Vitol, Gunvor und Trafigura sind ins Fadenkreuz des US-Justizministeriums geraten. Der Vorwurf: Aktive Bestechung von ausländischen Regierungsbeamten, um an lukrative Erdöl-Geschäfte zu gelangen. Das berichtete die Westschweizer Investigativ-Plattform Gotham City.

Im Zentrum steht der Prozess in Brooklyn gegen Javier Aguilar, einen ehemaligen, in Texas stationierten Direktor von Vitol. Ihm wird vorgeworfen, Bestechungsgelder an mexikanische und ecuadorianische Beamte gezahlt zu haben.
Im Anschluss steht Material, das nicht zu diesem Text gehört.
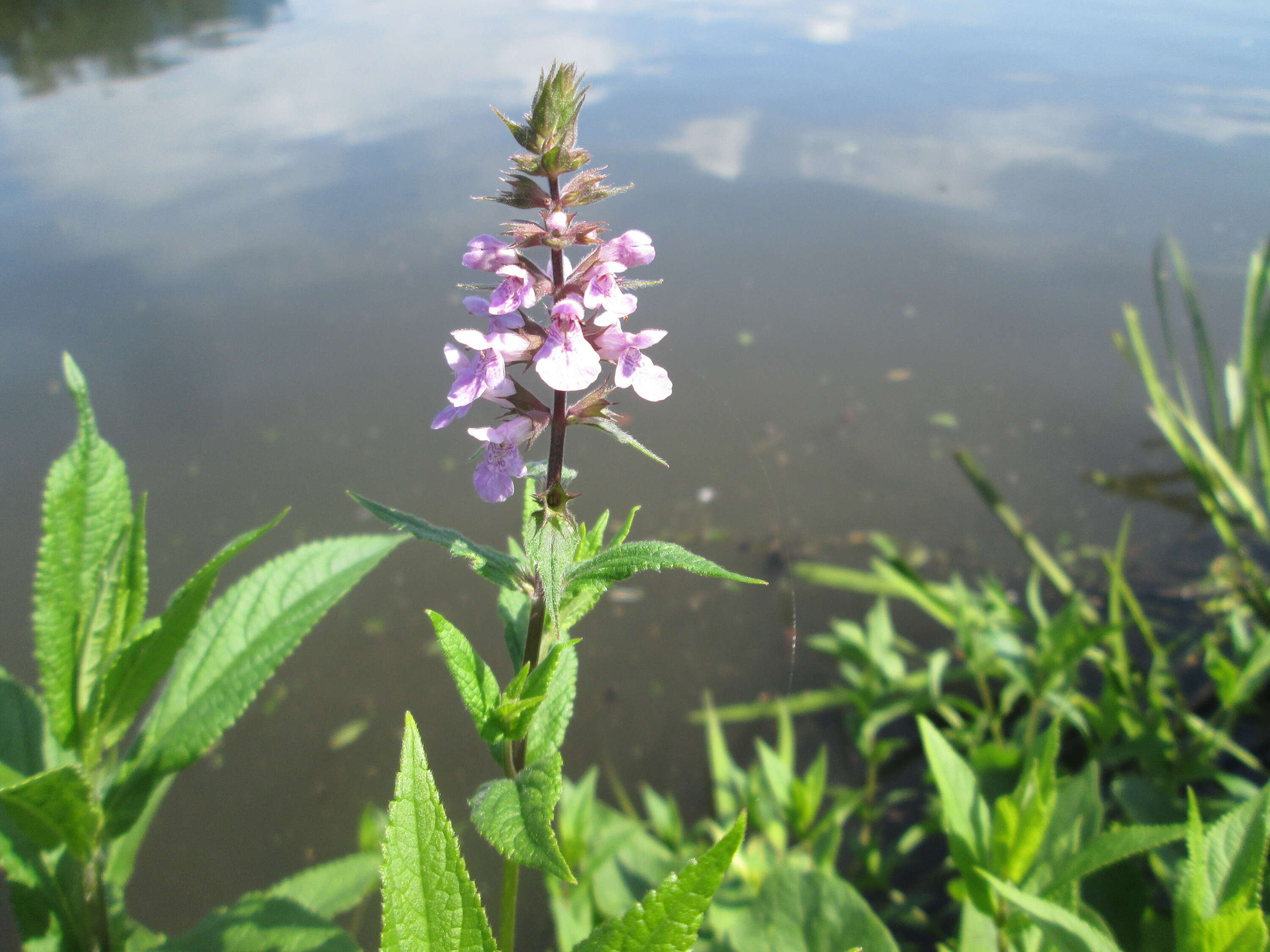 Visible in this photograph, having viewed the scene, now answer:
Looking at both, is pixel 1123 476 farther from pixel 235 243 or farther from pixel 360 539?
pixel 235 243

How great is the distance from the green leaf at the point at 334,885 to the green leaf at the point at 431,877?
107 cm

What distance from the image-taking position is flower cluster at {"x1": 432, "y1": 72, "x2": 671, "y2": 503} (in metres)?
1.08

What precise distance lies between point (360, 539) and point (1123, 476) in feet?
11.7

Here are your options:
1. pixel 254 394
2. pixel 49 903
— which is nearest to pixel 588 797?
pixel 49 903

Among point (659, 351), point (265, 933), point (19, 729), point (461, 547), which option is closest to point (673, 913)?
point (461, 547)

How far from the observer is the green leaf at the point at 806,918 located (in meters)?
1.47

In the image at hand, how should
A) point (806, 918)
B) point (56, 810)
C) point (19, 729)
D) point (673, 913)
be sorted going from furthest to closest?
point (806, 918), point (19, 729), point (56, 810), point (673, 913)

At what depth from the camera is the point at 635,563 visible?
961 millimetres

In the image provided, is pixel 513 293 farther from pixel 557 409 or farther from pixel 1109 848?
pixel 1109 848

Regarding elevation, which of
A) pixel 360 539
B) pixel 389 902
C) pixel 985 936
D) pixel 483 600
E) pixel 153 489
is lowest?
pixel 483 600

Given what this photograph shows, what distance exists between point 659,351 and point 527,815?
2753 millimetres

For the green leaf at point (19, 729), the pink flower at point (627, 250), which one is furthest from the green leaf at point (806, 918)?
the green leaf at point (19, 729)

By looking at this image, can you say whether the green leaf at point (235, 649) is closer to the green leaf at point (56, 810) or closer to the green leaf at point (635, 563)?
the green leaf at point (56, 810)

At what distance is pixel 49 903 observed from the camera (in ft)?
4.36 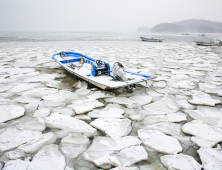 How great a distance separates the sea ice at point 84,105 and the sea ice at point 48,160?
2.58 ft

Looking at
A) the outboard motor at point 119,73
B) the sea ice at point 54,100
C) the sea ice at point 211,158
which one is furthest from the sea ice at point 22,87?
the sea ice at point 211,158

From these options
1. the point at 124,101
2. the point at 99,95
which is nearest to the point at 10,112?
the point at 99,95

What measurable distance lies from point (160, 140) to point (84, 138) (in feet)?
3.15

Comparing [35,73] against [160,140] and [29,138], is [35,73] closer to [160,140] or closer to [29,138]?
[29,138]

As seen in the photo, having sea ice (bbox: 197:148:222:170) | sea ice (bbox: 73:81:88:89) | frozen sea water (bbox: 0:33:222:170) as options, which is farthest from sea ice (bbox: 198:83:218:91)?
sea ice (bbox: 73:81:88:89)

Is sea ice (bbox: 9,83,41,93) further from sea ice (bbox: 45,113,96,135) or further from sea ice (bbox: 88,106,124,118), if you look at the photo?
sea ice (bbox: 88,106,124,118)

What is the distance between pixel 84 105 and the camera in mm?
2502

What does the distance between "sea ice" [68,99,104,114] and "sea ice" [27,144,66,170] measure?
79cm

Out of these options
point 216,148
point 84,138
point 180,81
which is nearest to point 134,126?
point 84,138

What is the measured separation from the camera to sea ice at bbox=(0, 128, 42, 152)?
5.25ft

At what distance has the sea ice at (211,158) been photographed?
1384mm

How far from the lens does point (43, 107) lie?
2.44 meters

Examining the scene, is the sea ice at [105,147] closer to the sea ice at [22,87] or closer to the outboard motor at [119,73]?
the outboard motor at [119,73]

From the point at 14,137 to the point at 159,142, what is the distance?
1.80 metres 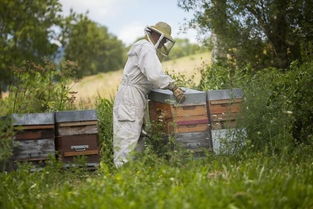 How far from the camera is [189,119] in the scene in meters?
7.50

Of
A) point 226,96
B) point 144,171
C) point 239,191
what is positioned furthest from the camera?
point 226,96

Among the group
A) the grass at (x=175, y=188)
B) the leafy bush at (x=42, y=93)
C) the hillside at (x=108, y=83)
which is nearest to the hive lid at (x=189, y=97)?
the grass at (x=175, y=188)

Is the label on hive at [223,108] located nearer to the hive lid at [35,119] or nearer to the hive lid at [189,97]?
the hive lid at [189,97]

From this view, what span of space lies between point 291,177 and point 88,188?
1.84m

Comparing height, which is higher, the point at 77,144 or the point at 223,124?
the point at 223,124

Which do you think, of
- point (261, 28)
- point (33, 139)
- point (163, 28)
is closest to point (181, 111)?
point (163, 28)

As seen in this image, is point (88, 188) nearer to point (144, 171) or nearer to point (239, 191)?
point (144, 171)

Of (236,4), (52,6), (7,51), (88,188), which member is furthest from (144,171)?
(52,6)

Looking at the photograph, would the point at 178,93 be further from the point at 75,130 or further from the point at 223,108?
the point at 75,130

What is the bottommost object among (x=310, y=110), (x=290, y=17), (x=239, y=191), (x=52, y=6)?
(x=239, y=191)

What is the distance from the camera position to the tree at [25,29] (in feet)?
62.7

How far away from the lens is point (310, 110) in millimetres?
8312

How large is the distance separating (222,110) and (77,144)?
2001mm

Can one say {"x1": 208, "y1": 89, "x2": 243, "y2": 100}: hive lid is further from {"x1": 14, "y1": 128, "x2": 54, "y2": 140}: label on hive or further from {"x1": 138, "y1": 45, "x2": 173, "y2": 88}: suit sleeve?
{"x1": 14, "y1": 128, "x2": 54, "y2": 140}: label on hive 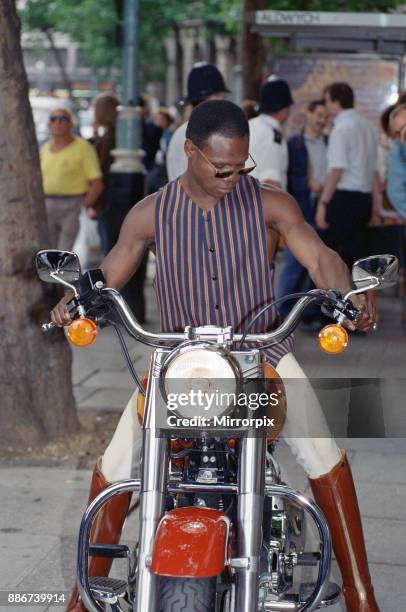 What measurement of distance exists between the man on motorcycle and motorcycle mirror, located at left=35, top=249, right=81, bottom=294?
111 millimetres

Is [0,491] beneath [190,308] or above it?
beneath

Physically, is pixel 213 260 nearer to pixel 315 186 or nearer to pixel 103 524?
pixel 103 524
Er bestreite dies rundweg, aber involvierte damalige Vermittler hätten belastende Aussagen über diese dunklen Geschäfte gemacht, berichtet Gotham City. Diese Enthüllungen rückten auch zwei weitere Schweizer Rohstoffkonzerne, Trafigura und Gunvor, in ein schiefes Licht.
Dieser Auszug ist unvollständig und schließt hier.